Extracted data entries
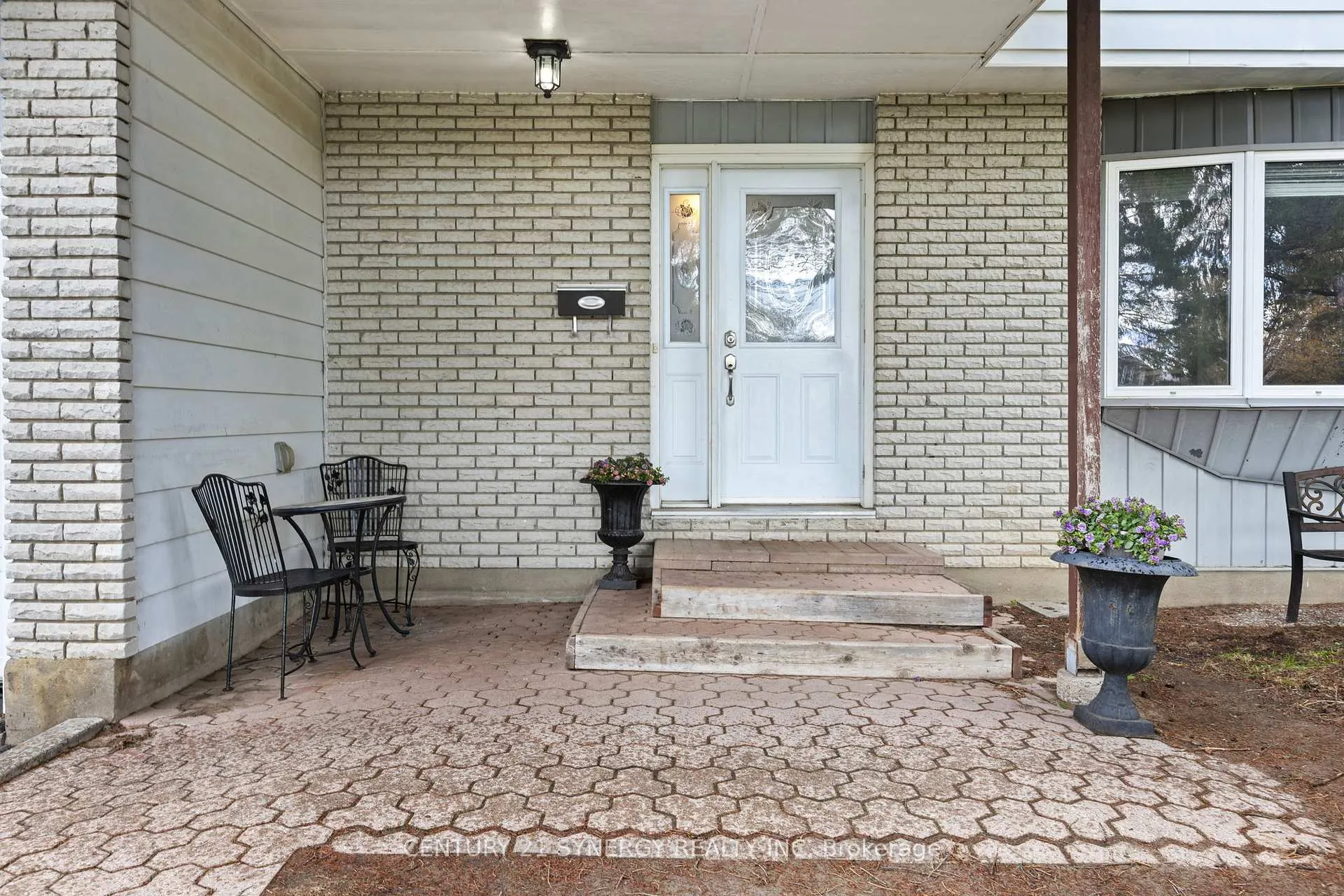Photo 3 of 346 Nagel Avenue, Ottawa, Bilberry Creek/Queenswood Heights — HOMEH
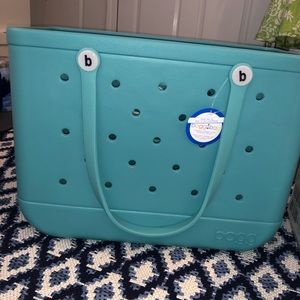 Turquoise and Caicos Large Bogg Bag NWT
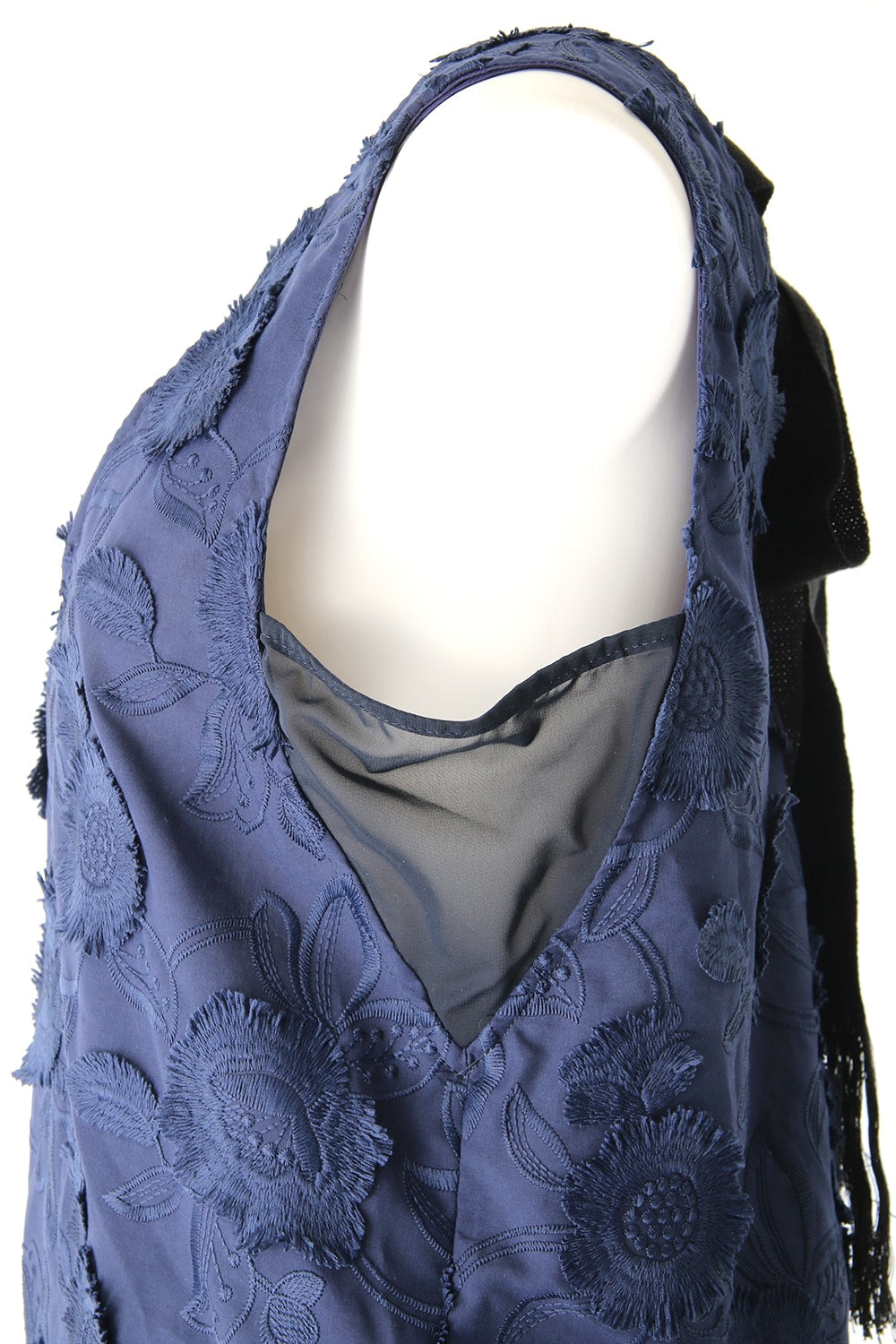 FRINGE EMB SLEEVELESS TOP - 17S-SH-01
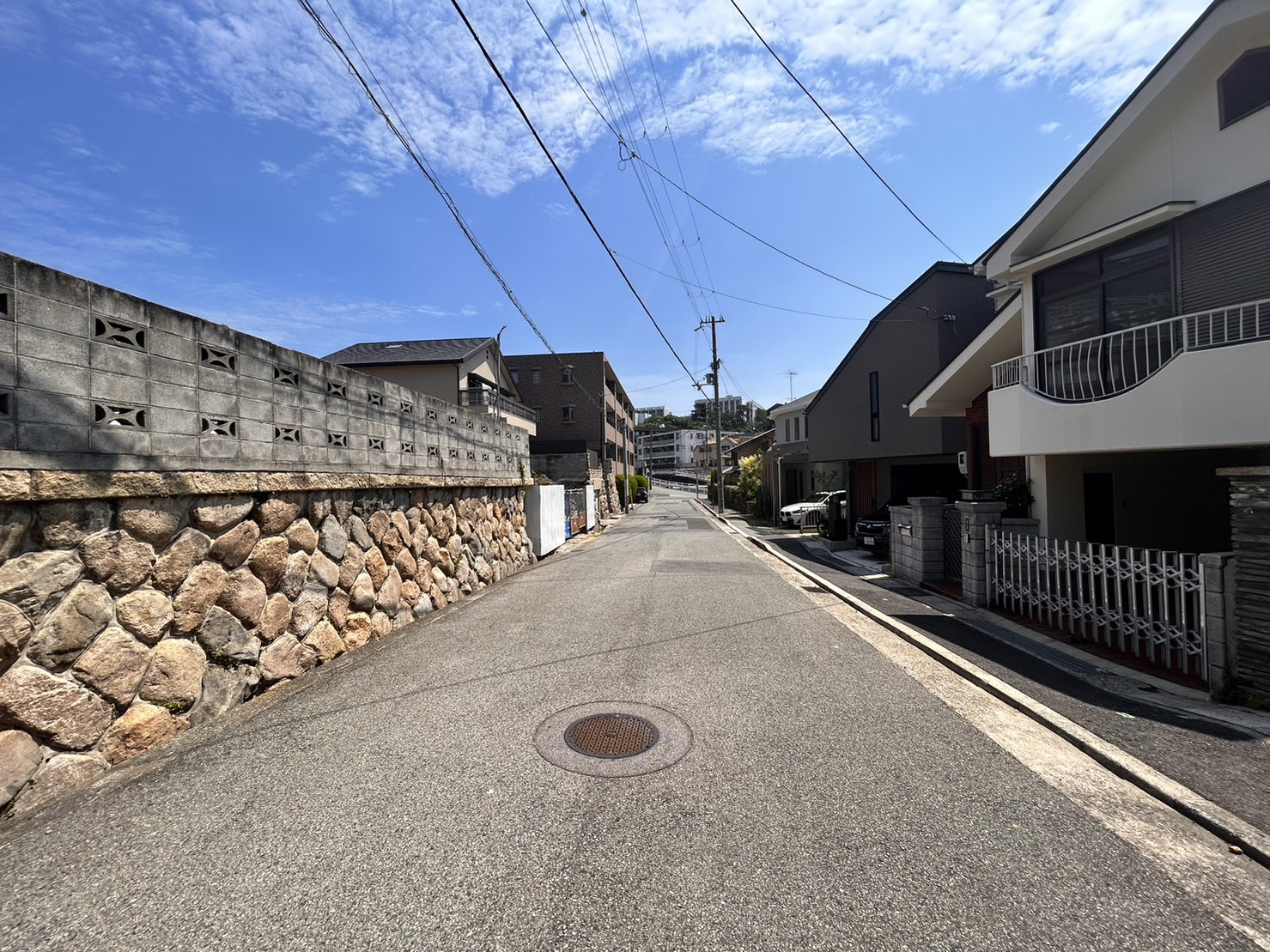篠原北町2丁目戸建の前面道路含む現地写真
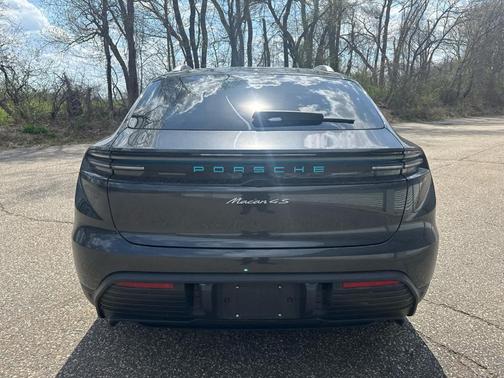 Gray 2025 Porsche Macan 4S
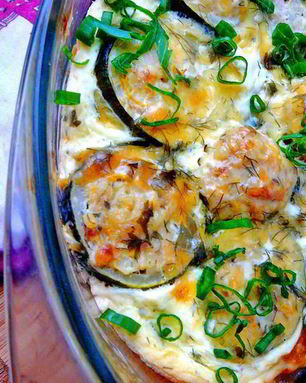 Цукини фаршированные в сметанно-сырном соусе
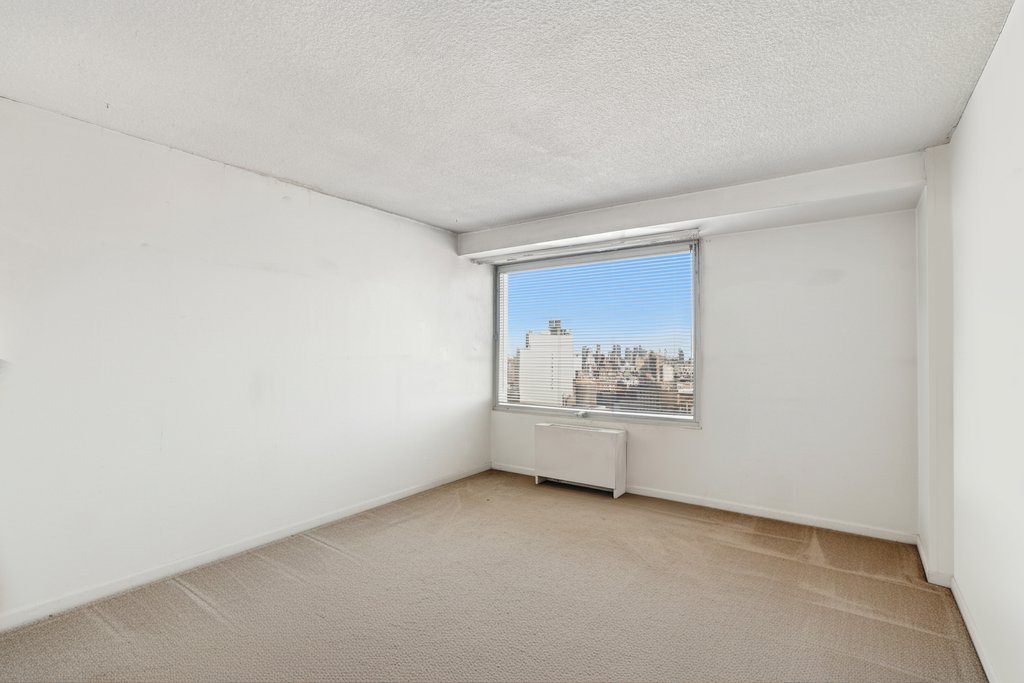180 Park Row, Unit 23D photo 7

### What the exercise asks:
Leave the pictures out and return each entry exactly.

### Expected answer:
Photo 3 of 346 Nagel Avenue, Ottawa, Bilberry Creek/Queenswood Heights — HOMEH
 Turquoise and Caicos Large Bogg Bag NWT
 FRINGE EMB SLEEVELESS TOP - 17S-SH-01
篠原北町2丁目戸建の前面道路含む現地写真
 Gray 2025 Porsche Macan 4S
 Цукини фаршированные в сметанно-сырном соусе
180 Park Row, Unit 23D photo 7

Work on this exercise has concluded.